:: ASSIGNMENT ::
Print the listing below exactly, images excluded.

====================

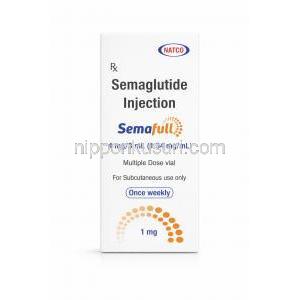 セマフル注射, セマグルチド 4 mg3 mL (1 mg), 複数回投与皮下注射用バイアルセット（週1回投与）, 製造元：Natco Pharma, 箱表面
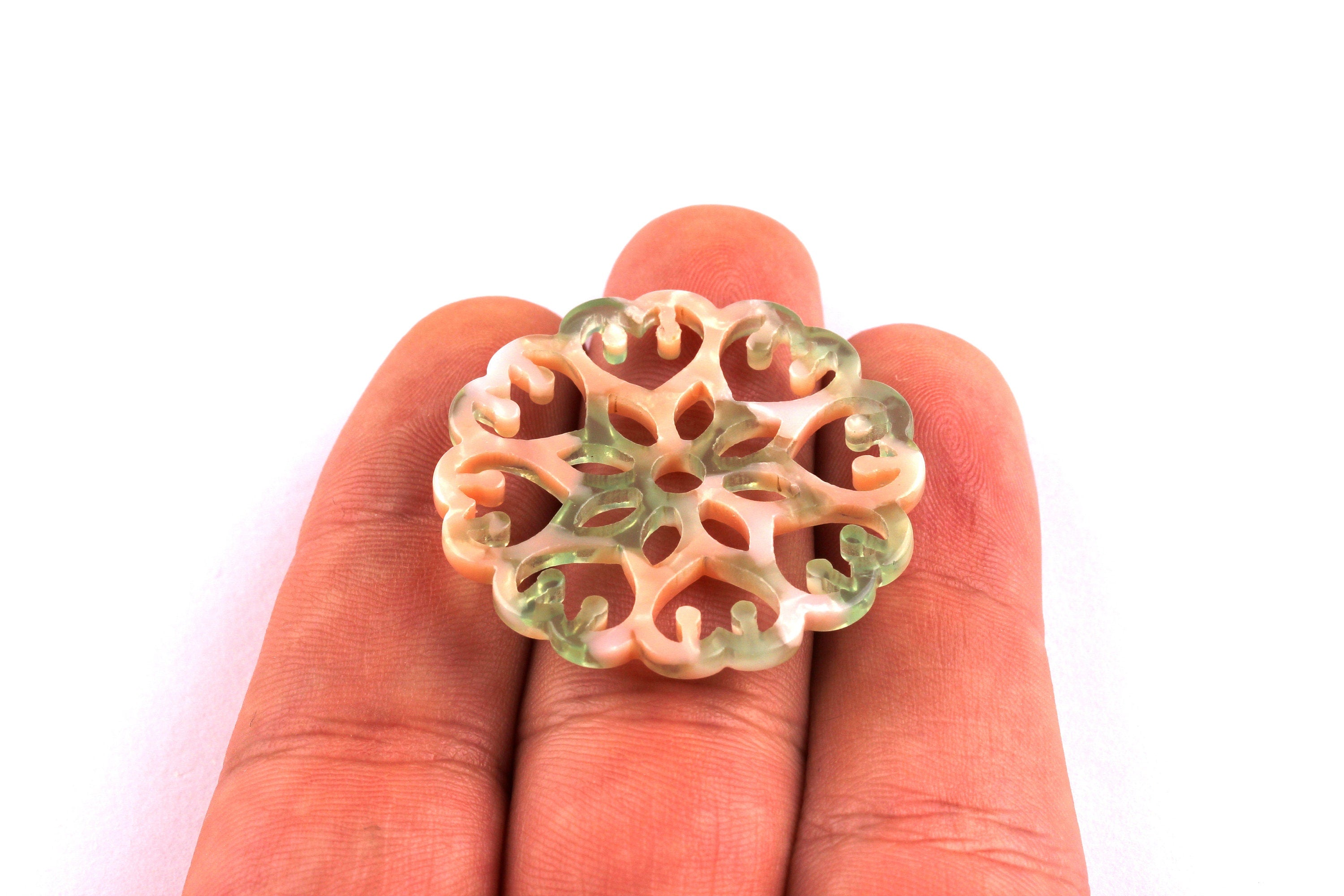 Acetate Snowflake Charms - Snowflake Earrings and Pendant - Earring Findings - Jewelry Supplies - Color Code: A38 - 35x2.5mm - AC1037D - DOMEDBAZAAR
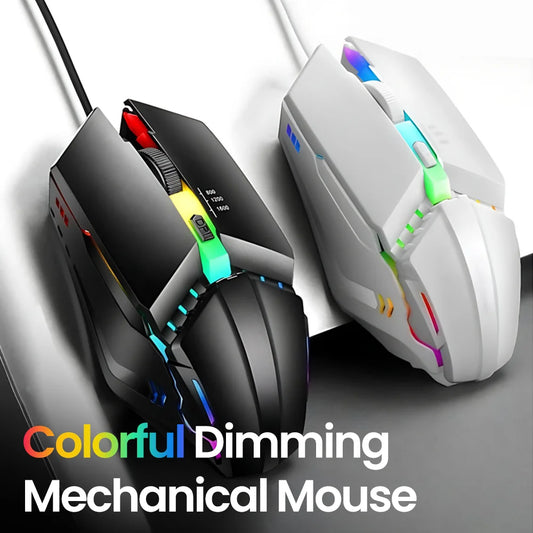 Rato Gaming USB com Fio RGB Retroiluminado e Botão Silenciar, para PC de Secretária, Portátil, Computador, Casa e Escritório, LED Luminoso, 1600DPI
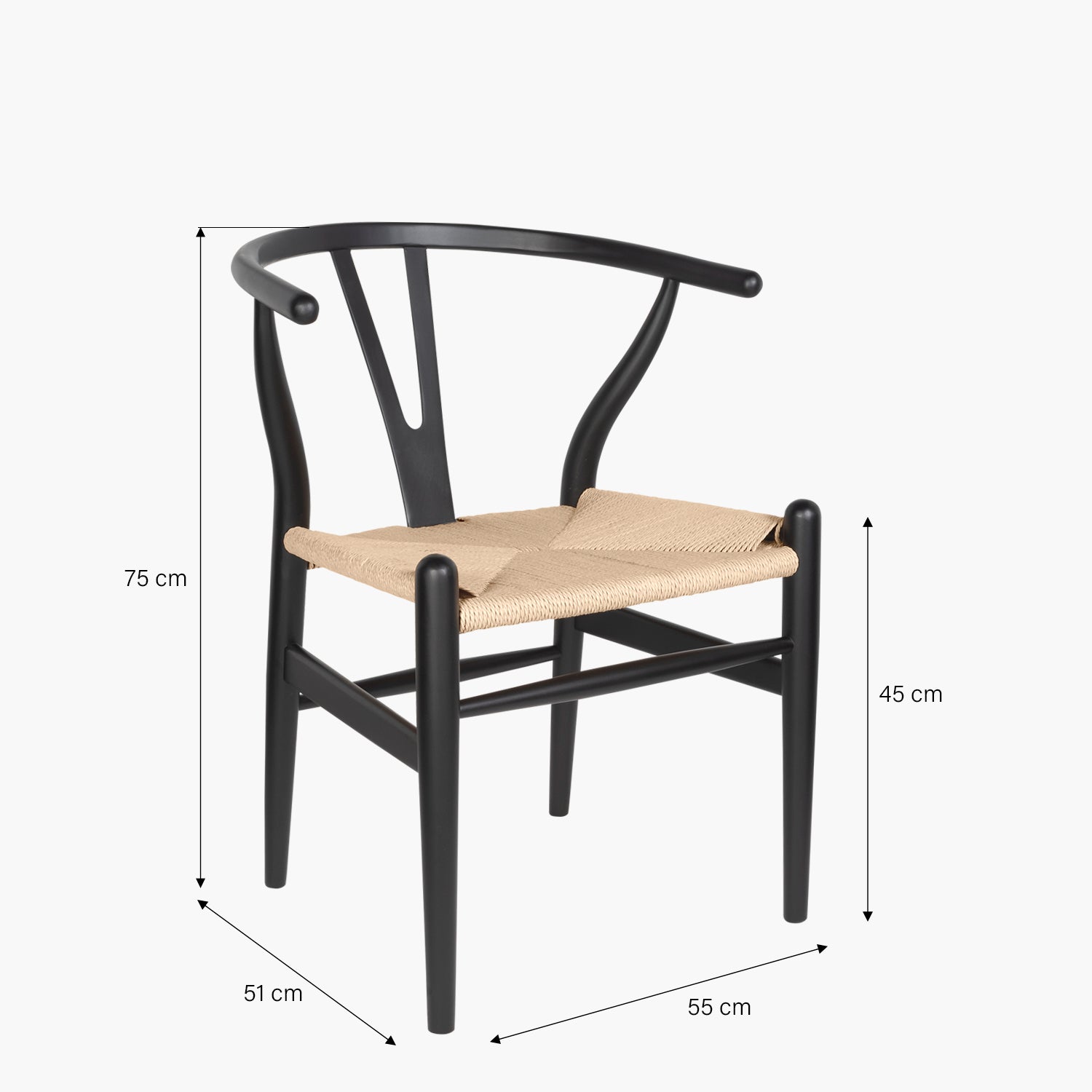 Silla Madera Wishbone Negro - Form Design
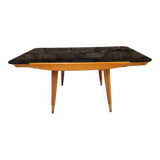 Small opaque black glass coffee table 1960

====================

:: WRITTEN RESPONSE ::
 セマフル注射, セマグルチド 4 mg3 mL (1 mg), 複数回投与皮下注射用バイアルセット（週1回投与）, 製造元：Natco Pharma, 箱表面
 Acetate Snowflake Charms - Snowflake Earrings and Pendant - Earring Findings - Jewelry Supplies - Color Code: A38 - 35x2.5mm - AC1037D - DOMEDBAZAAR
 Rato Gaming USB com Fio RGB Retroiluminado e Botão Silenciar, para PC de Secretária, Portátil, Computador, Casa e Escritório, LED Luminoso, 1600DPI
 Silla Madera Wishbone Negro - Form Design
 Small opaque black glass coffee table 1960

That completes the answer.